The free standing two story structure has an open kitchen bar, plentiful outdoor seating and high ceilings with a great view from the mezzanine. The interiors are an minimalist Japanese mix of finished concrete with light wood and splotches of color to give it a pop.
Edamame Hummus with Spiced Pita (P170). This uses the spiced pita in their previous mushroom duxelle appetizer but makes the dip a Mediterranian-Japanese fusion. The dip is smooth with earthy and nutty flavors heightened by a sprinkling of togarashi powder (Japanese 7 spice).
Next up was two slider boards, Tori Karaage Sliders and the Soft Shelled Crab Sliders.
Fried Onigiri Balls with Slow Cooked Pork and Sambal Aioli. At first glance, they kinda look like arancini but these have a more Asian leaning flavor. These are not your usual onigiri balls, a quick snack available almost everywhere in Japan. There’s a crunchy outer texture with a nice spicy-sweet glaze that progresses to a meaty and starchy filling. 1 order for me please and I’m not sharing so better get your own.
Half Cooked Tuna Steak (P390). A huge slab of tuna that is seared on one side only so you get two beautiful textures of the fish. Chef Him pairs this with some red pepper dashi sauce and kobabcha and bacon with edamame dressing. I did not expect to be wowed by a piece of fish but it really did, the bacon and kobacha on the side did nothing but help. This dish is also great value as the piece of tuna is quite generous.
Almond Crusted Lapu Lapu with Miso Brown Butter Vinaigrette (P470) . I can’t believe there’s two impressive fish dishes in one meal at Nomama.
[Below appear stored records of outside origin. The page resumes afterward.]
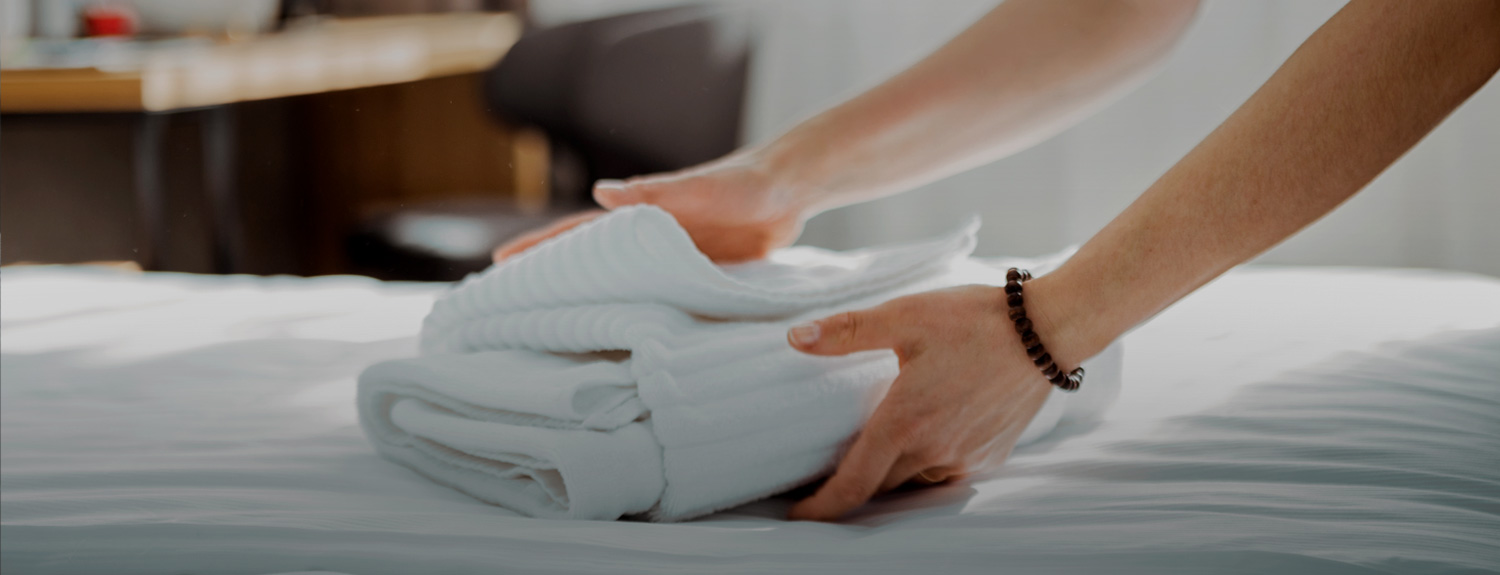 Hands of a woman holding a hotel towels 
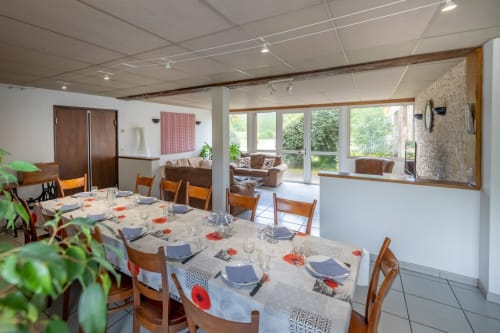 Salle à manger du Domaine Des Escouanes avec tables dressées, chaises en bois et vue sur le salon à Prudhomat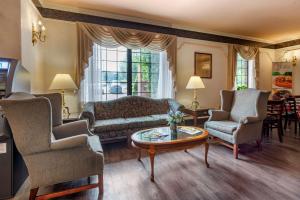a living room with a couch and chairs and a table at Quality Inn Montgomeryville-Philadelphia in Montgomeryville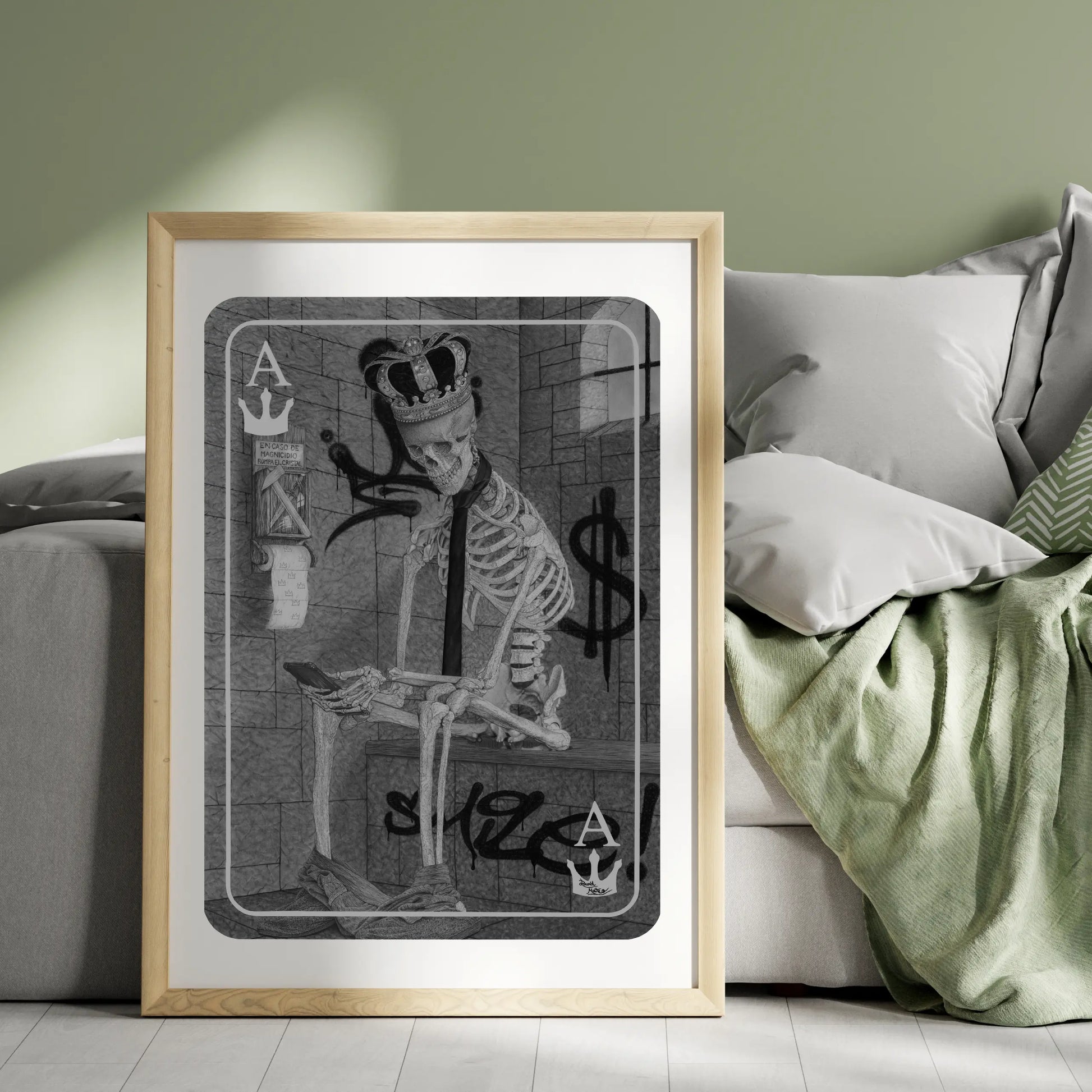 Lámina vertical colocada en el suelo, con un dibujo de un esqueleto vestido con una corona y corbata, sentado sobre un bloque en una habitación de ladrillo simulado.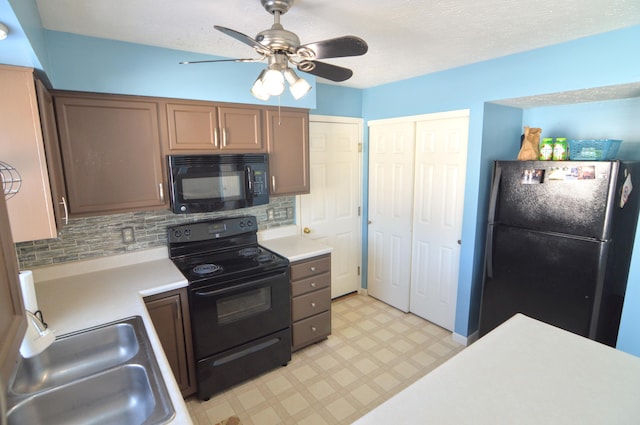 kitchen with sink, backsplash, ceiling fan, and black appliances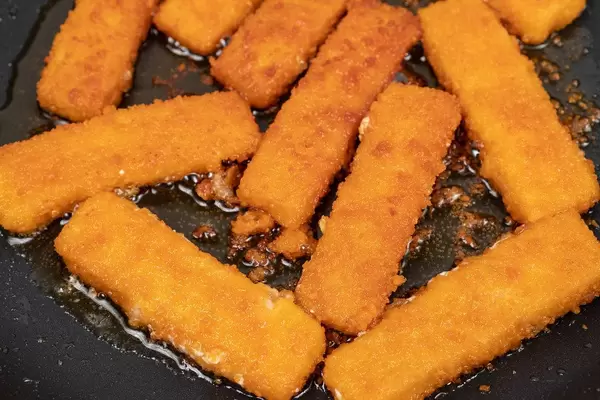 Frying Fish Sticks in the hot oil (Flip 2020)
There’s a nice texture because of the almond with the firm yet juicy lapu lapu but it’s the savory brown butter miso sauce that elevates this dish. Look, I can eat healthy at Nomama with an order of this and the half cooked tuna steak.
Kitayama Wagyu Beef Cheek with Miso is another of the off menu dishes that is available at Nomama. I was expecting a bit of an effort in cutting the beef cheeks but it hardly needed any effort. Eating it was even easier as it was just melted in my mouth.
For ramen, we had their signature Nomama Ramen (P375/245), Thai Green Curry Ramen (P355/240) and the Korea Town Ramen (P450/270). The ramen noodles have improved tremendously since the first time I’ve tried them but the stars are still the fusion broth making them not the usual bowls of ramen. My favorite is still the Thai Green Curry ramen with a creamy and spicy broth that you would not think would work with ramen.
Want to try their quirky ramen creations, they have a P3 ramen promo during Monday to Friday lunch service. 10 different variants for you to choose from, all made from scratch.
For dessert, we had a duo of chocolate dishes, the Flourless Chocolate Cake with Miso Salted Caramel (P175) and the Warm Smitten Cookie with Vanilla Bean ice cream (P255).
Nomama has certainly settled down in it’s new home in Capitol Commons, giving the area a venue for a fun twist on Japanese food. Chef Him is also commendable for sourcing and using as much local produce and proteins as possible to use in Nomama’s wide range of dishes.